Although U.path has all the information needed to conduct the axes and labels tests needed to identify δi, it does not have enough information to evaluate the predicates at any of its nodes n because a predicate can refer to any node in the subtree of n. The process applies the Axes and Label tests to U.path, ignoring the predicates tests. The result is the sequence Δi which is a super-sequence of δi.

Computing the different Δi's proceeds similar to computing the intermediate results Ri's of the original view specification query except that the latter selects from the source tree D while the former selects from the single branch U.path. Any node n in any δi must have a node of the expression context C as an ancestor. Thus, the process initializes Δ0 to be all the context nodes that exist in U.path, i.e. Δ0=C∩U.path. After this initialization, the process determines Δi (for i>1) as all the nodes in U.path that satisfy si.axis and si.label starting at nodes in Δi. This query is denoted as Δi=q(si.axis&label, Δi−1,U.path).

The following example shows the computation of the Δis. In an update U of adding a node D6 as a child of D4, U.path is the tree branch that starts with the root R and ends with D6. Computing the different Δi's as described above results in: Δ0=(X2, X3), Δ1=(A2, A3), Δ2=(B3, B4, B5), Δ3=(C5, C5), Δ4=(D4, D4, D6, D6).

Δi is a supersequence of δi: there are nodes in Δi that are not directly added to or deleted from Ri. For the example shown above, using the predicates as defined in the example path expression, the only nodes that will be directly added are the two occurrences of D6 that appear in Δ4. The other nodes n in all the computed Δi's will not be added or deleted because U did not affect Predi(n). Note that because D6 did not exist before U occurred, the value of Predi(D6), for all i is false before U occurred. The same holds with deletion updates: if an update U deletes a node n from the source tree, the value of Predi(n) is false after U occurred.

(2) The Predicate Test. The Predicate Test identifies the sequence δi from the sequence Δi. To accomplish this task, the process determines which nodes n in Δi had their Predi(n) changed due to U. To detect such changes, the process compares, for every node, the values of Predi(n) before and after U occurred.
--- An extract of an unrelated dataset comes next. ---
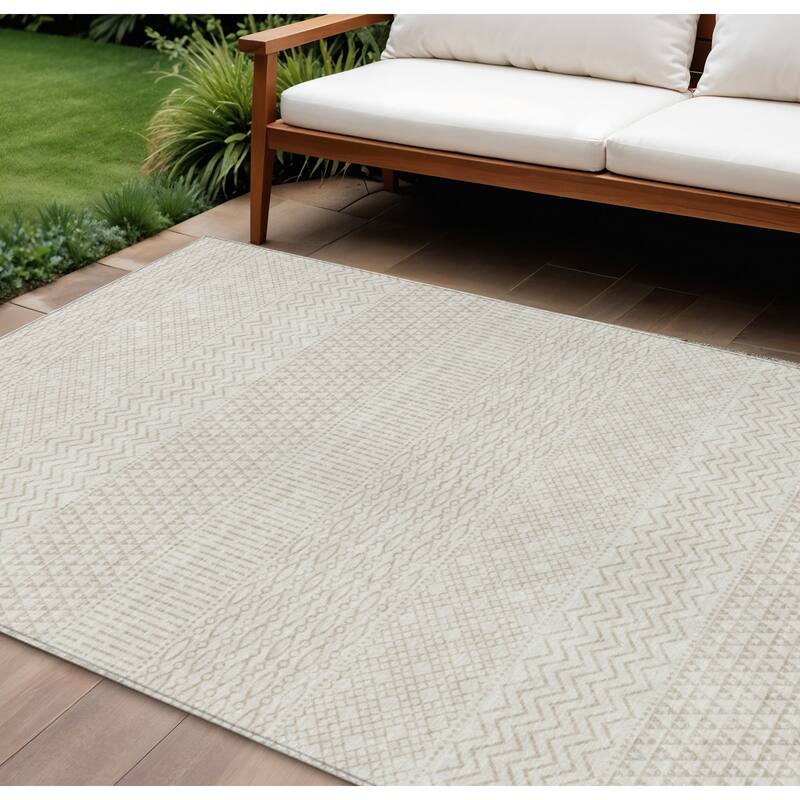 HomeRoots Chevron Modern Rectangle Outdoor Rug - 9' X 12'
The value before U occurred is referred to as Predibefore(n) and to the value after U occurred as Prediafter(n). Nodes for which Prediafter(n) are excluded because they are not affected by U. Nodes with their Predi(n) changing due to U are directly added to or deleted from Ri.

The determination of the values of Prediafter(n) and Predibefore(n) for every node n in Δi is as follows. The value of Prediafter(n) is computed simply by querying the source. This query, in general, will be processed very quickly as it just evaluates the predicate si.pred at node n in the source tree D. the returned value is true or false. We denote this query as: predq(si.pred, (n), D).
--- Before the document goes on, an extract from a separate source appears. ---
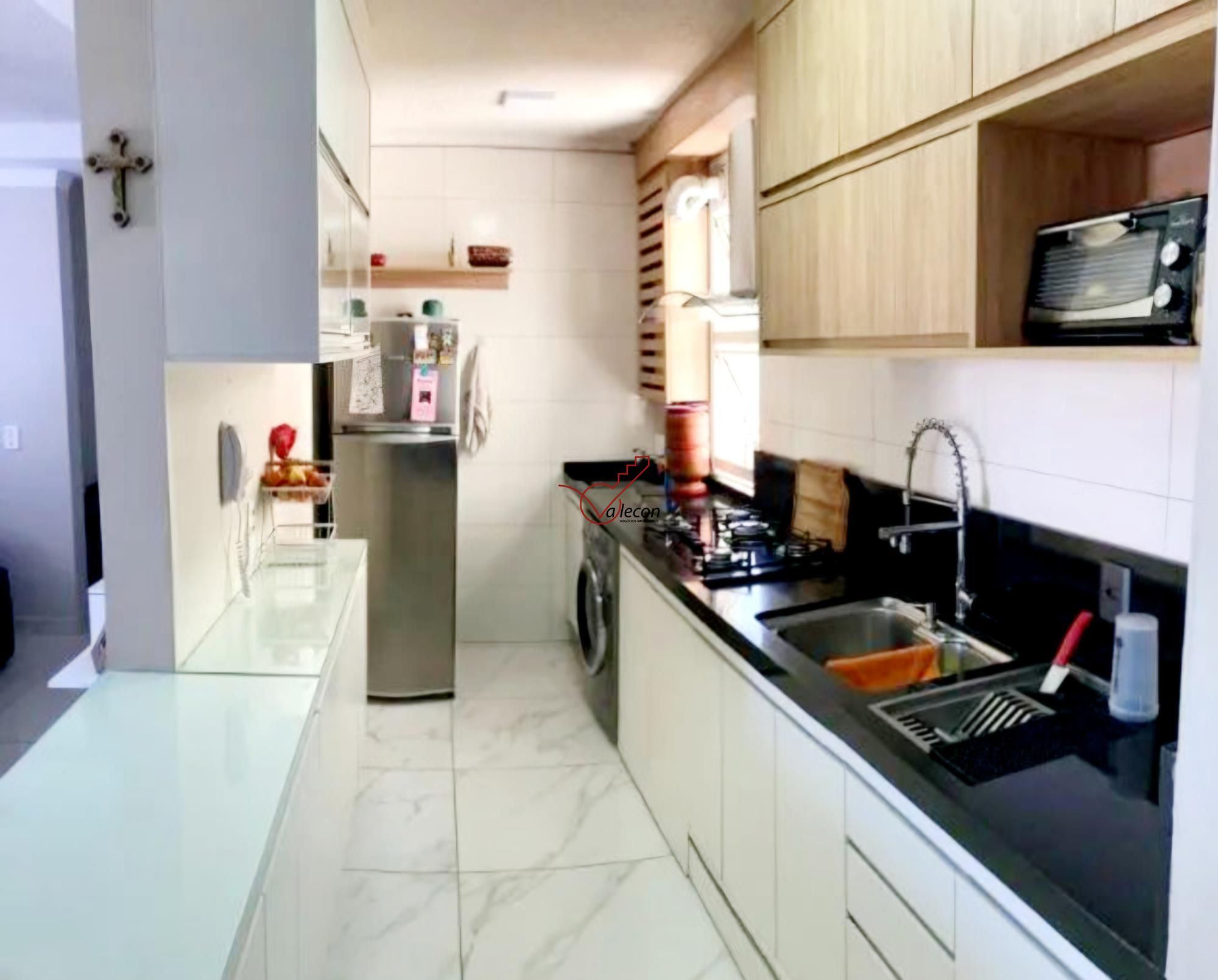 Apartamento à venda com 3 quartos, 67m² - Foto 2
The query is performed by a source query processor with the following benefits:

    • 1. The process does not need to keep any auxiliary data that might be needed to evaluate complex predicates—if data from all nodes is stored to evaluate every predicate, then the size of the auxiliary data can be unbounded.
    • 2. The source privacy is protected by not revealing the predicate definitions. A predicate definition may use proprietary functions that the data provider is not willing to disclose as in the case of web service providers.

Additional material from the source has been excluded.